In the lead-up to this year’s Olympic Games, Ajomale returned to action for the first time in over a calendar year in 2021 at the High Performance Invite #5 in Toronto (Feb. 26), where he won the indoor 60m with a time of 6.73. From there, he would compete in Louisiana and Texas during the outdoor season before returning to Canada for a busy month of June. Ajomale placed first in the 100m at both the Johnny Loaring Classic in Windsor (June 12) and the Inferno Track and Field Festival in Guelph (June 16), running wind-aided times of 10.14 (+3.3) and 10.07 (+2.6) before a 10.36, which earned him third-place finish at the Canadian Olympic Trials (June 25). At La Classique D’athlétisme De Montréal (June 29), his final individual 100m saw him go 10.17 for the top finish once more.
Alongside Ajomale in the 4x100m relay are a collection of Canadian’s top sprinters, including Andre DeGrasse, Aaron Brown, Brendon Rodney, Jerome Blake, Gavin Smellie, and Bismark Boateng. DeGrasse, who competes in his second Olympics after his aforementioned 100m bronze and 200m silver medals in Rio, ran a wind-legal season-best of 9.99 at the Tom Jones Memorial Invitational in April. Ahead of a third-place Ajomale (10.36) in the Canadian Olympic Trials 100m final were Brown (10.12) and Blake (10.27), while Rodney (10.43) and Smellie (10.58) followed. As a 4x100m team, the combination of Boateng, Blake, Ajomale, and DeGrasse combined for a season-best 38.29 at the Müller British Grand Prix in Gateshead, England (July 13).

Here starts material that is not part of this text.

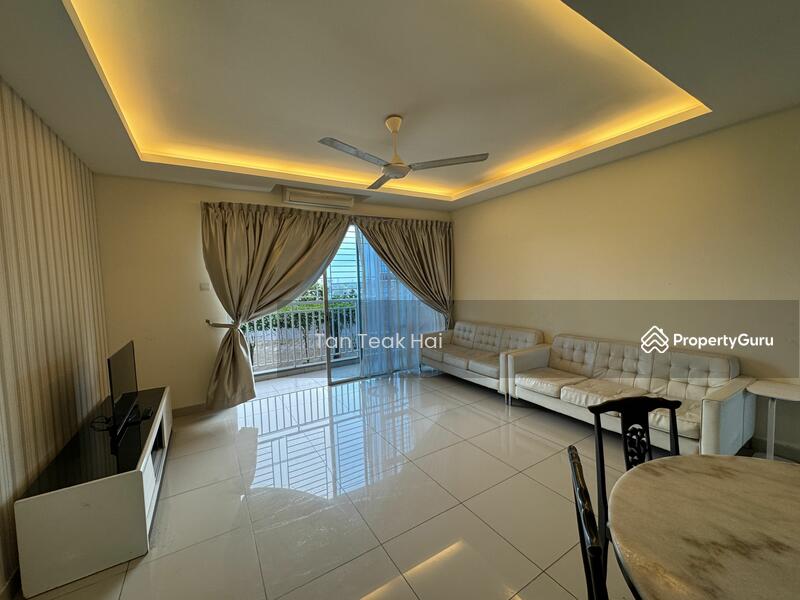 Kondominium untuk Disewa di D'Rich Executive Suites - Tan Teak Hai - PropertyGuru.com.my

The 2016 Olympic Games in Rio saw Jamaica’s 4x100m men’s relay claim a gold medal after posting a time of 37.27, while Japan’s 37.60 edged Canada’s 37.64 for silver. This year, the top times ahead of Canada’s 38.32 have come from Great Britain (38.27) and the People’s Republic of China (38.29), while Germany (38.32) and Jamaica (38.33) are just behind. Great Britain’s team of CJ Ujah, Zharnel Hughes, Richard Kilty, and Nethaneel Mitchell-Blake delivered their time alongside Team Canada at the Müller British Grand Prix while China’s collection of Zhiqiang Wu, Zhenye Xie, Bingtian Su, and Zhihong Wang produced their time in March. Germany’s quartet of Julian Reus, Lucas Ansah-Peprah, Owen Ansah, and Marvin Schulte came through with their mark in June, and Jamaica’s Asafa Powell, Julian Forte, Yohan Blake, and Oshane Bailey had their performance in May.